**WHAT THIS TASK INVOLVES:**
Please reproduce the entries exactly, skipping each picture.

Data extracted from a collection

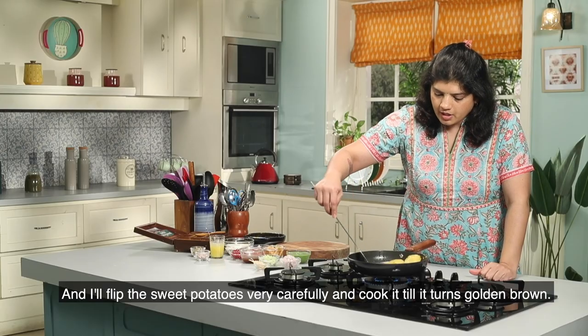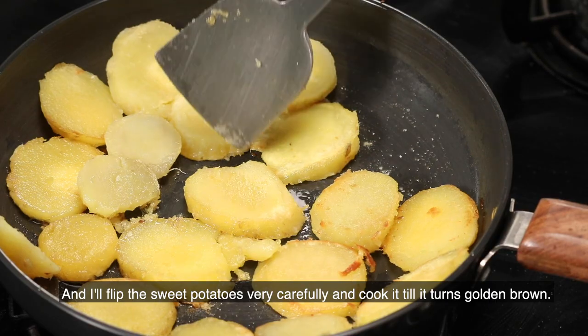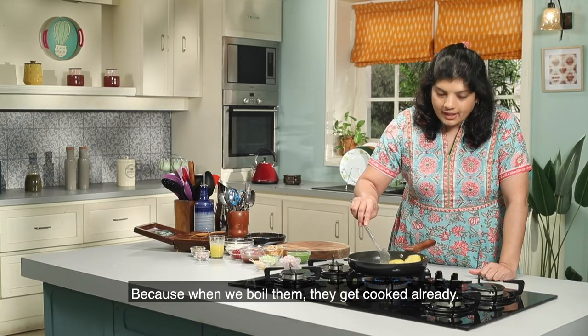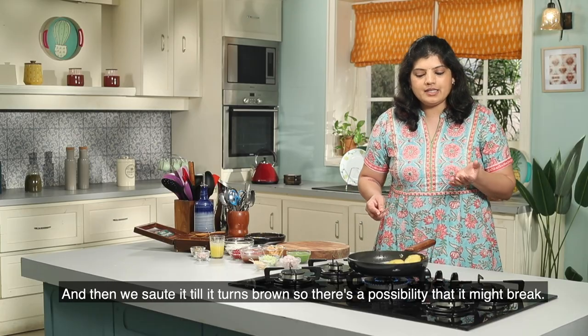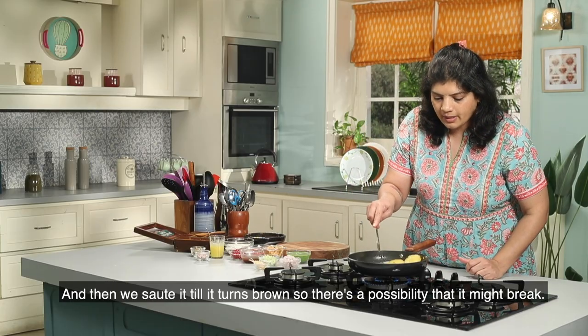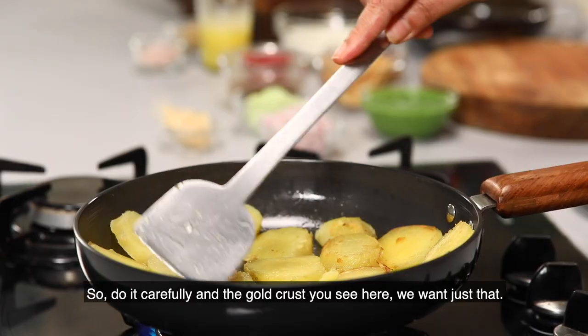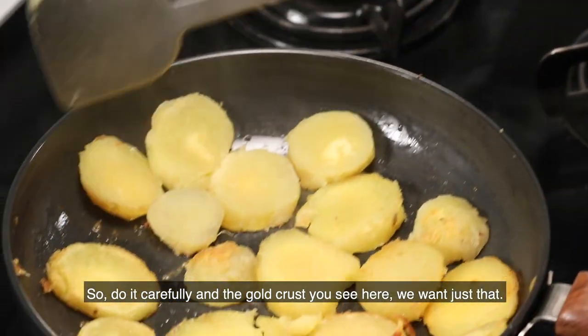I will very carefully cut and flip it. I have to get it golden brown on both sides. Because when we boil it and then brown it, sometimes it will break. So carefully do it. We need that golden crust — just like this.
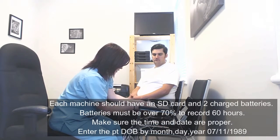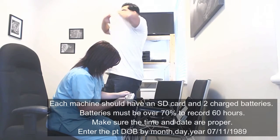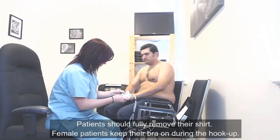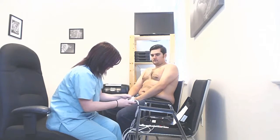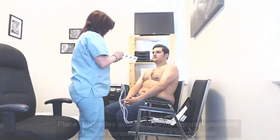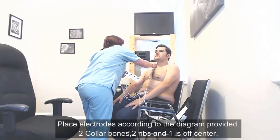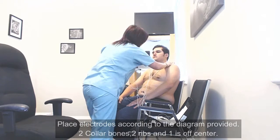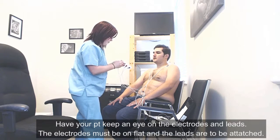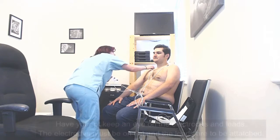On the machine, I am just going to enter in your birth date, and I'll get you to remove your shirt and have a seat. We are placing electrodes up by your collarbones — when you can press them back down and they won't stay, that is when you are going to want to change them. Also make sure that the leads are not popping off.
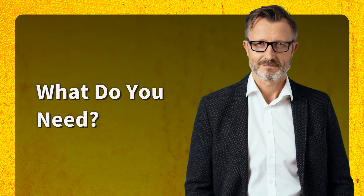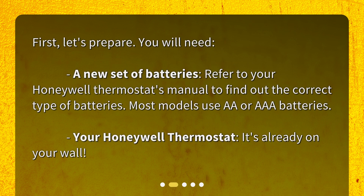What do you need? First, let's prepare. You will need a new set of batteries. Refer to your Honeywell Thermostat's manual to find out the correct type of batteries. Most models use AA or AAA batteries. Your Honeywell Thermostat is already on your wall.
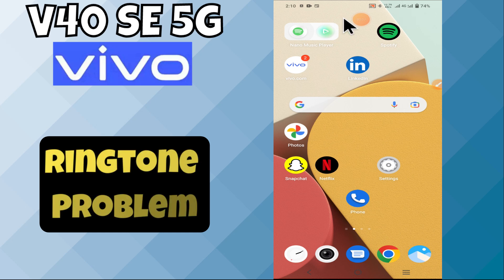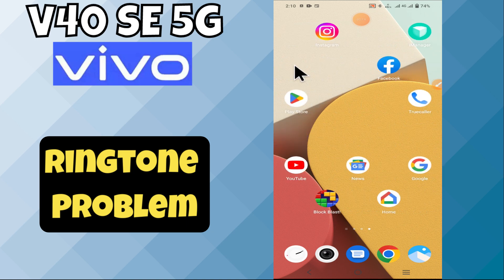Hello everyone, welcome to my YouTube channel. In this video, I will show how you can fix ringtone problem or ringer not working on V40SE 5G.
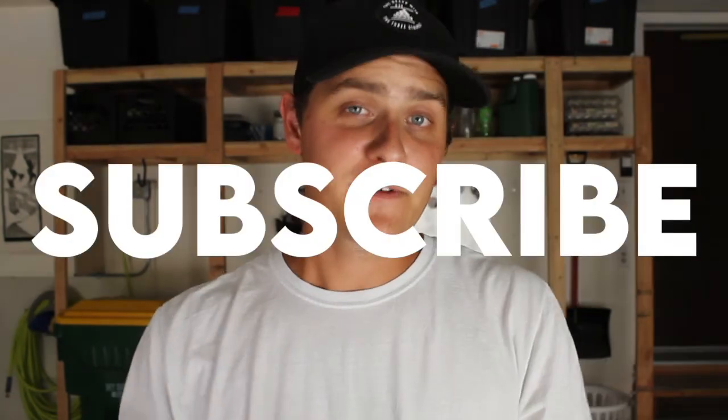So there you go, that's my first Q&A. If you liked it, let me know. Don't forget to subscribe to support the channel, add further insights or questions in the comments below, and we'll see you next time.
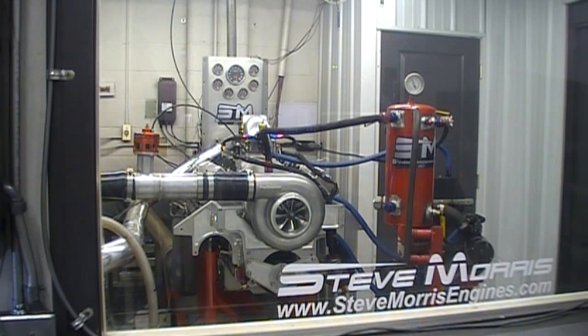Alright, we're back with the stock 136, still with the same pulley ratio as the 139. That's a 1.53. We'll go ahead and make a hit and do some comparisons.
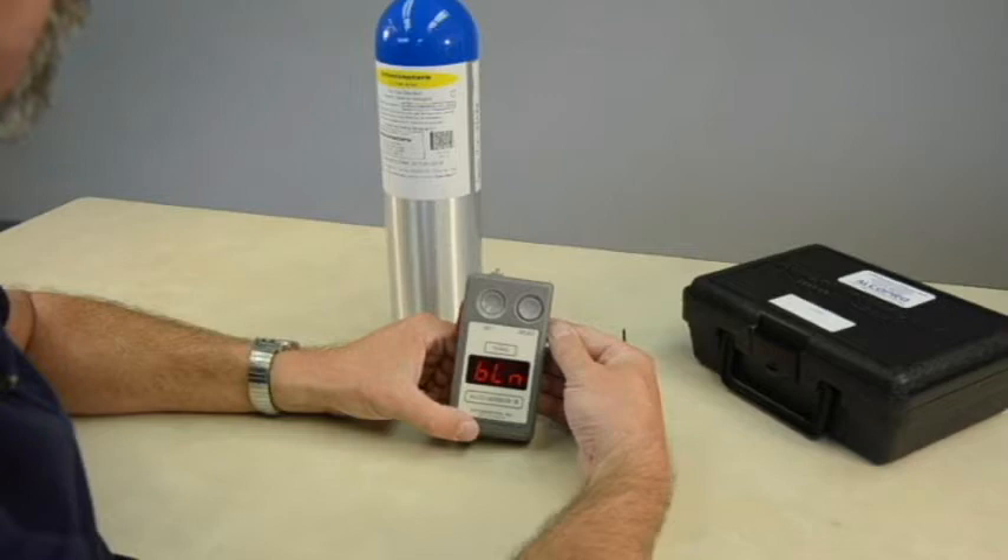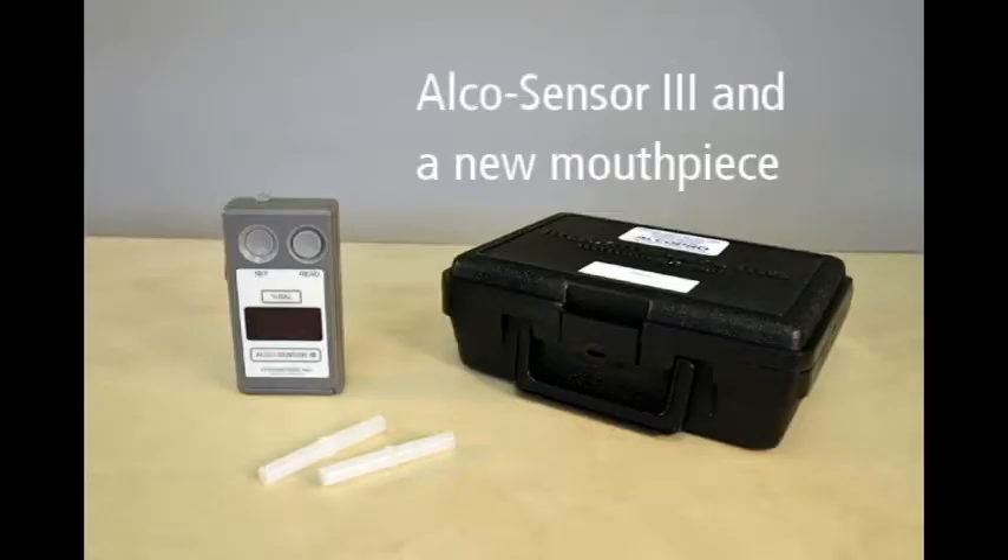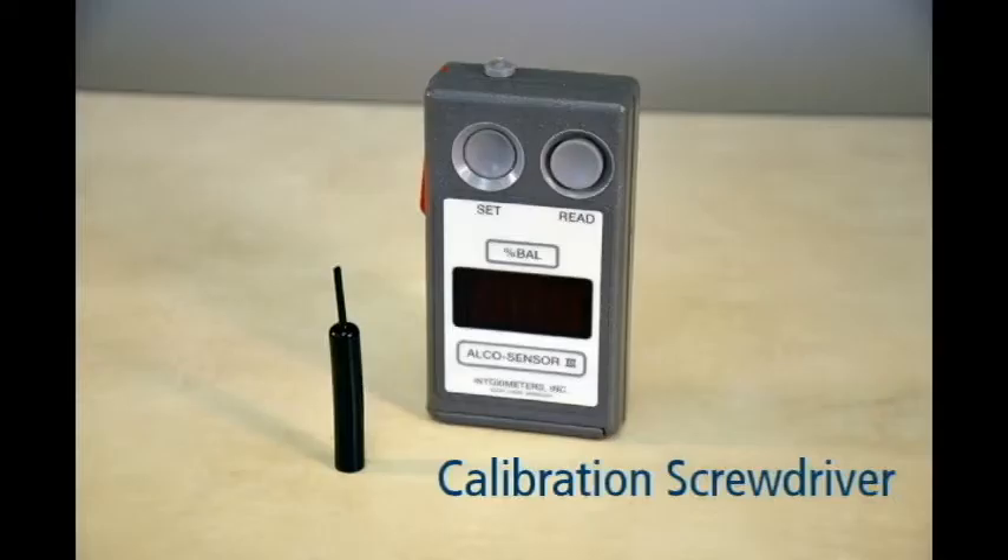This video shows the steps for performing a calibration adjustment on the AlkaSensor 3 breath alcohol instrument using an alcohol gas standard. To perform a calibration adjustment, you will need the following materials: your AlkaSensor 3 device and a new mouthpiece, and the calibration screwdriver that came with your device.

**RESPONSE BOX:**
I will very carefully cut and flip it. I have to get it golden brown on both sides. Because when we boil it and then brown it, sometimes it will break. So carefully do it. We need that golden crust — just like this.
On the machine, I am just going to enter in your birth date, and I'll get you to remove your shirt and have a seat. We are placing electrodes up by your collarbones — when you can press them back down and they won't stay, that is when you are going to want to change them. Also make sure that the leads are not popping off.
What do you need? First, let's prepare. You will need a new set of batteries. Refer to your Honeywell Thermostat's manual to find out the correct type of batteries. Most models use AA or AAA batteries. Your Honeywell Thermostat is already on your wall.
Hello everyone, welcome to my YouTube channel. In this video, I will show how you can fix ringtone problem or ringer not working on V40SE 5G.
So there you go, that's my first Q&A. If you liked it, let me know. Don't forget to subscribe to support the channel, add further insights or questions in the comments below, and we'll see you next time.
Alright, we're back with the stock 136, still with the same pulley ratio as the 139. That's a 1.53. We'll go ahead and make a hit and do some comparisons.
This video shows the steps for performing a calibration adjustment on the AlkaSensor 3 breath alcohol instrument using an alcohol gas standard. To perform a calibration adjustment, you will need the following materials: your AlkaSensor 3 device and a new mouthpiece, and the calibration screwdriver that came with your device.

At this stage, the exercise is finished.